Relative Actions (Cosmos)¶
The same physical movement should produce the same numbers — regardless of which robot performs it. That's the promise of relative actions, ported from Cosmos-Predict2.5.
The Problem¶
Different robots have different kinematics. "Move the gripper forward 5cm" requires completely different joint angles on a Franka, an SO-100, and a G1 humanoid. Absolute joint positions are body-specific. They don't transfer.
The Solution: Gripper-Frame Relative Actions¶
Compute actions as relative displacements in the gripper's own coordinate frame:
graph TD
subgraph "Previous State"
P1["Gripper at (x₁, y₁, z₁)<br/>Rotation R₁"]
end
subgraph "Current State"
P2["Gripper at (x₂, y₂, z₂)<br/>Rotation R₂"]
end
subgraph "Relative Action"
RA["Δxyz = R₁ᵀ · (xyz₂ - xyz₁)<br/>Δrot = euler(R₁ᵀ · R₂)<br/>gripper_state"]
end
P1 --> RA
P2 --> RA
style RA fill:#e65100,color:#fff
The formula:
rel_xyz = prev_rotm.T @ (curr_xyz - prev_xyz) # Position delta in gripper frame
rel_rot = rotm2euler(prev_rotm.T @ curr_rotm) # Rotation delta
action = [rel_xyz(3), rel_rot(3), gripper(1)] # 7-DoF, any robot
Why this works: A 2cm forward push produces [0.02, 0, 0, 0, 0, 0, grip] on any robot. The same physical movement = the same numbers. Always. Regardless of workspace origin, coordinate convention, or robot geometry.
Implementation¶
Rotation Math¶
from neon.data.relative_actions import euler2rotm, rotm2euler, rotm2quat
R = euler2rotm([roll, pitch, yaw]) # (3,) → (3, 3) rotation matrix
angles = rotm2euler(R) # (3, 3) → (3,) back to Euler
quat = rotm2quat(R) # (3, 3) → (4,) quaternion [w, x, y, z]
ZYX convention throughout. Consistent with Cosmos and the URDF standard.

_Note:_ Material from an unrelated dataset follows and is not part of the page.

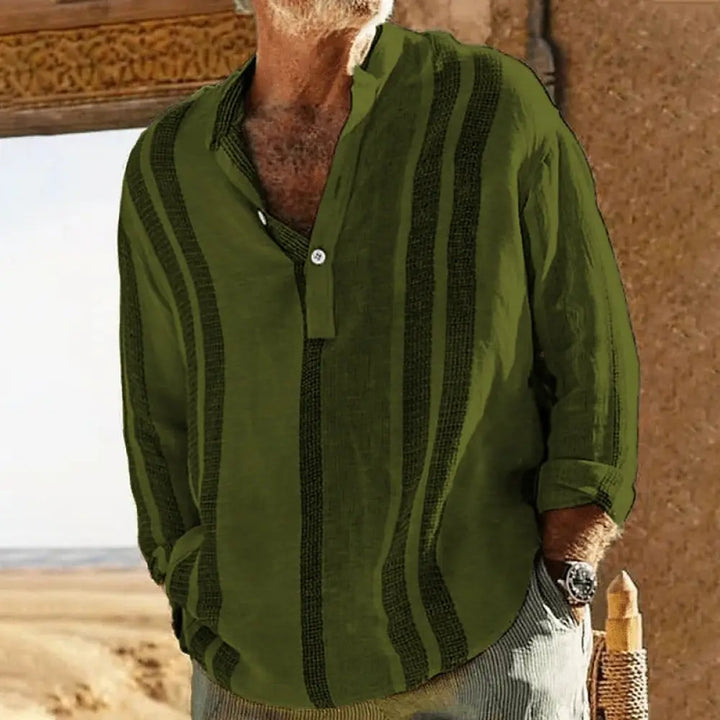 Men's Striped Slub Linen Stand Collar Casual Shirt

State-to-Action Conversion¶
from neon.data.relative_actions import states_to_relative_actions
actions = states_to_relative_actions(
arm_states=ee_poses, # (T, 6) [x, y, z, roll, pitch, yaw]
gripper_states=gripper_widths, # (T,) [0=open, 1=closed]
action_scaler=20.0, # Cosmos default normalization
)
# → (T-1, 7) relative actions
Bridge Dataset API¶
Compatible with Cosmos/Bridge data format out of the box:
from neon.data.relative_actions import get_action_sequence_from_states
actions = get_action_sequence_from_states(
data={"state": [...], "continuous_gripper_state": [...]},
fps_downsample_ratio=2, # 30fps source → 15fps target
action_scaler=20.0,
)
The Action Scaler¶
Cosmos uses a scale factor of 20.0 for action deltas. Raw EE displacements are tiny — millimeters. Scaling to a neural-network-friendly range:
Configurable via DataSourceConfig(action_scaler=20.0).
Integration with Data Soup¶
The cosmos_dreamgen source type automatically uses relative actions:
DataSourceConfig(
name="cosmos-bridge",
type="cosmos_dreamgen",
path="/data/bridge",
weight=2.0,
use_relative_actions=True,
action_scaler=20.0,
camera_ids=["head", "hand_0", "hand_1"],
)
Supports local data (videos/ + annotations/*.json) and HuggingFace datasets (nvidia/GR1-100, NVIDIA/GR00T-Dreams-GR1).